等到完全听不到她们离去的高跟鞋声音,我重呼口气,已提不起精神为自己打气,连崩溃的力量也没有了。
我不是个会后悔的人。所以对于必须负责潘朗瑟车子修理费的这件事,我一直抱持顺其自然的态度。也将以往自由得过度的生活视为一段过渡期,从今而后好好工作。
但此刻,我却后悔透了刮了潘朗瑟的车!
当然,也后悔来这工作。
昨天,开始了晚上的两份兼职。一份是书局的工读,另一份是宿舍附近荼艺馆的服务员,工作时间晚上十点半至凌晨两点半,也是巧合路过,见店里在征人、时间又符合,才接下该份工作。两份工作月薪同是七千元。
两个老板都是绷着脸使唤人,但不会刻意刁难,只要照其指示,日子倒也好过。不像在这,像个傻子似的,什么都不知道,只能一再向人道歉。
我不禁开始怀疑,孙香盈究竟是怎么样的一个人?上礼拜初识时,她的温柔不像是假装的,但为何现在她丢下这么重要的专柜不顾,好象存心给我难堪似的?
甩甩头,想不出个道理来。
不过,不会每天诬逗个样子的,孙香盈总不能任所有的客人都让我得罪光。而且,算算如此努力工作后的月薪高达三万元——加上存款五万,两个月后债款便可还清——
只要先熬过两个月,其它以后再说——我开始反复在心中重复这句话。
第四章
「喂!你搞什么呀?已经有数不清的客人在我那抱怨你这里的服务不佳了!」
责备声响亮扬起,我抬起头,一名年轻女子擦腰站在桌前。
我眯起眼看清对方,觉得对方颇为眼熟,一时又想不起在哪见过她……接着对方眼底亦出现对我似曾相识的眸光……
我们对望着,且同时蹙眉追溯在过往记忆中,何时曾有对方的出现。
「辛盼语!」她率先大叫出我的名字。「你是辛盼语对不对?你怎么会在这里?你一点都没变耶!」
经她这一连几句的高分贝嗓音,我赫然想起她就是易燕—— 在我爸妈南下探望我时,会将一半房间借给我的那个女孩!
命运中的巧合就是这么有趣。毕业后她搬出宿舍时,我以为和她再也不会碰面了,没想到又在此时此地相遇。

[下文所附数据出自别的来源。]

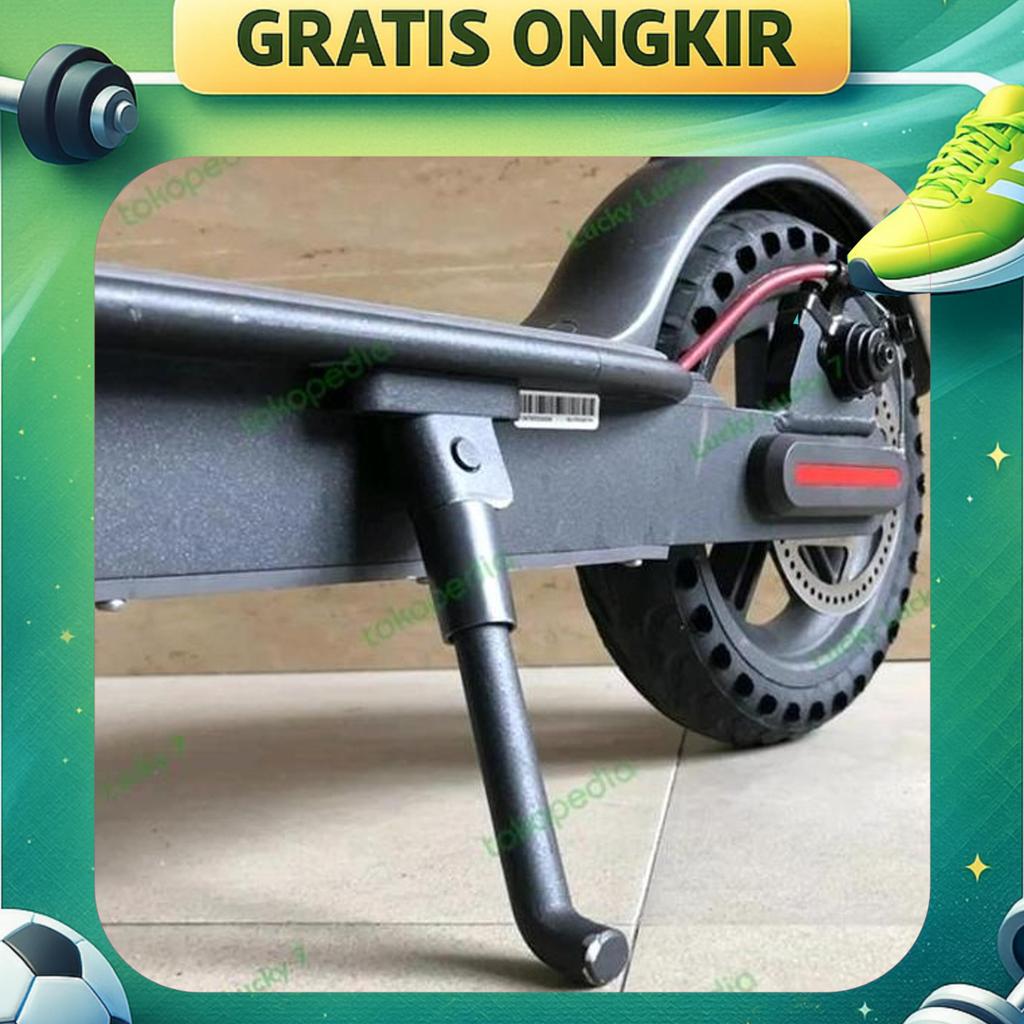 Standar Skuter Listrik M365 Xiaomi Standar Skuter Mijia Kickstand Skuter Listrik Standar Samping Sku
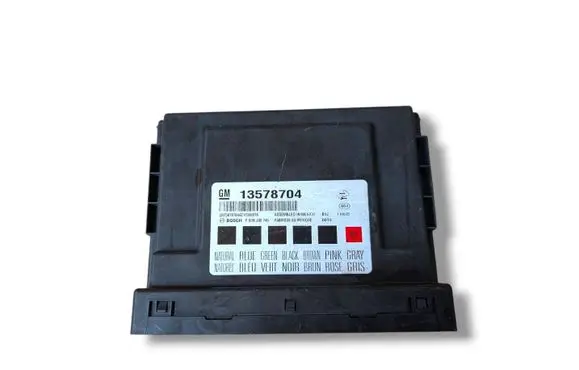 Comfort/convenience module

她变了好多。以前的她一头短发,一张清丽脸蛋,穿着T恤、牛仔裤……而眼前的她,肩披长发,脸上化有精致彩妆,着丝质衬衫、窄裙,典型的都会女子模样。
我记得她考上了夜大,但怎么我好象比她像个学生。
「想起来我是谁了吧?」她笑着问。
「当然。易燕,好久不见。」我说。
易燕拖出另一张小椅子在我身旁坐下。「我在楼上“玛芝蜜”专柜卖衣服,有一些认识的客户向我埋怨二楼“目己”专柜来了个什么都不会的女生,我就趁着空档下来给新来的下下马威,没想到是你……刚才吓着你了吧?」
我摇了一下头。「还好。」
「其实只是想下来认识个朋友,并非故意要刁难啦!不过我跟这里的前任小姐真的处得不太好。」她俏皮地吐吐舌,然后望望四周,问道:「对了,你今天第一天来,怎么孙小姐没教你?」
我耸肩,也想知道孙香盈没来的原因。而易燕真的和我印象中的她有极大的改变——不仅外表,连说话的方式也变了不少。在我以为,她不像是那种会下人马威的女孩。或者,以前我根本没了解过她。
她站起身,翻翻架子上的衣服,一边说:「奇怪了,她应该会来才对。本来进公司都得受训的,可是孙小姐的这个专柜例外,一切由她自己安排。」她挑件在其中较适合年轻人穿的衣服,本来该到镜前比试的,但她却突然转身在我耳边说道:「知道吗?孙小姐和协庆的小开关系匪浅!」
她等着我露出好奇的表情,准备进一步叙述细节。但我只是维持初见她时的微笑面容,暗示她我对孙香盈和谁关系匪浅没有兴趣知道。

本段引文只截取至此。